Records excerpted from a collection:
━━━━━━━━━━━━━━━━

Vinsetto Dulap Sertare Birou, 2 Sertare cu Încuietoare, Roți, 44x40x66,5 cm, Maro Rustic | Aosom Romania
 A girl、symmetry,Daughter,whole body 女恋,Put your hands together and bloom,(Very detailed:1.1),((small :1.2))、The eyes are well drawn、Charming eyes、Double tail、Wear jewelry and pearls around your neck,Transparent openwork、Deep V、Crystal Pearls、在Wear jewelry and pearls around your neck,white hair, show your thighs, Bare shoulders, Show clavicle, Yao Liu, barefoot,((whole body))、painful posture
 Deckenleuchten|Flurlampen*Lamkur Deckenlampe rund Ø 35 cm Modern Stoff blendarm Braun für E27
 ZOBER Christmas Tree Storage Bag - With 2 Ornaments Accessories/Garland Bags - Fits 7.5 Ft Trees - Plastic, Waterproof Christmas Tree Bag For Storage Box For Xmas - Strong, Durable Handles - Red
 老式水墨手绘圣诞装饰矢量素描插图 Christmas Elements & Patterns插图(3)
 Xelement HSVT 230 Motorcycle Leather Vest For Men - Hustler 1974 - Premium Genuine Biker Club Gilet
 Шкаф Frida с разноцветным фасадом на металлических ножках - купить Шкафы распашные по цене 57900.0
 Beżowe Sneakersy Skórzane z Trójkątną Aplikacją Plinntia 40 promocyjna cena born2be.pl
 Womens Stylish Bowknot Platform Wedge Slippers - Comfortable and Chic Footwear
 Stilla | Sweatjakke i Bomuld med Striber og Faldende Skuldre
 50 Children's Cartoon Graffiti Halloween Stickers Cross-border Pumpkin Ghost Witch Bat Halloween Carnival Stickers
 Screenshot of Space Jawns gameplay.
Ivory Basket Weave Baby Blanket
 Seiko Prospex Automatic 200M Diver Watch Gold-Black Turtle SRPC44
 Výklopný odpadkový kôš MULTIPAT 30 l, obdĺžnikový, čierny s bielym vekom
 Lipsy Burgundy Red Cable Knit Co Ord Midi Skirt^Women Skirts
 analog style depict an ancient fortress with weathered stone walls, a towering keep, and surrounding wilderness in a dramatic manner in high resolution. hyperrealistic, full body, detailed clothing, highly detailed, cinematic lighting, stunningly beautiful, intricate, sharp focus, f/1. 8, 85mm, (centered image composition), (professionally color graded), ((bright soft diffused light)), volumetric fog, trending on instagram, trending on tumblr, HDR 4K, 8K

━━━━━━━━━━━━━━━━

What you should do: Each entry is to be given again, exactly as it stands.

Response:
Vinsetto Dulap Sertare Birou, 2 Sertare cu Încuietoare, Roți, 44x40x66,5 cm, Maro Rustic | Aosom Romania
 A girl、symmetry,Daughter,whole body 女恋,Put your hands together and bloom,(Very detailed:1.1),((small :1.2))、The eyes are well drawn、Charming eyes、Double tail、Wear jewelry and pearls around your neck,Transparent openwork、Deep V、Crystal Pearls、在Wear jewelry and pearls around your neck,white hair, show your thighs, Bare shoulders, Show clavicle, Yao Liu, barefoot,((whole body))、painful posture
 Deckenleuchten|Flurlampen*Lamkur Deckenlampe rund Ø 35 cm Modern Stoff blendarm Braun für E27
 ZOBER Christmas Tree Storage Bag - With 2 Ornaments Accessories/Garland Bags - Fits 7.5 Ft Trees - Plastic, Waterproof Christmas Tree Bag For Storage Box For Xmas - Strong, Durable Handles - Red
 老式水墨手绘圣诞装饰矢量素描插图 Christmas Elements & Patterns插图(3)
 Xelement HSVT 230 Motorcycle Leather Vest For Men - Hustler 1974 - Premium Genuine Biker Club Gilet
 Шкаф Frida с разноцветным фасадом на металлических ножках - купить Шкафы распашные по цене 57900.0
 Beżowe Sneakersy Skórzane z Trójkątną Aplikacją Plinntia 40 promocyjna cena born2be.pl
 Womens Stylish Bowknot Platform Wedge Slippers - Comfortable and Chic Footwear
 Stilla | Sweatjakke i Bomuld med Striber og Faldende Skuldre
 50 Children's Cartoon Graffiti Halloween Stickers Cross-border Pumpkin Ghost Witch Bat Halloween Carnival Stickers
 Screenshot of Space Jawns gameplay.
Ivory Basket Weave Baby Blanket
 Seiko Prospex Automatic 200M Diver Watch Gold-Black Turtle SRPC44
 Výklopný odpadkový kôš MULTIPAT 30 l, obdĺžnikový, čierny s bielym vekom
 Lipsy Burgundy Red Cable Knit Co Ord Midi Skirt^Women Skirts
 analog style depict an ancient fortress with weathered stone walls, a towering keep, and surrounding wilderness in a dramatic manner in high resolution. hyperrealistic, full body, detailed clothing, highly detailed, cinematic lighting, stunningly beautiful, intricate, sharp focus, f/1. 8, 85mm, (centered image composition), (professionally color graded), ((bright soft diffused light)), volumetric fog, trending on instagram, trending on tumblr, HDR 4K, 8K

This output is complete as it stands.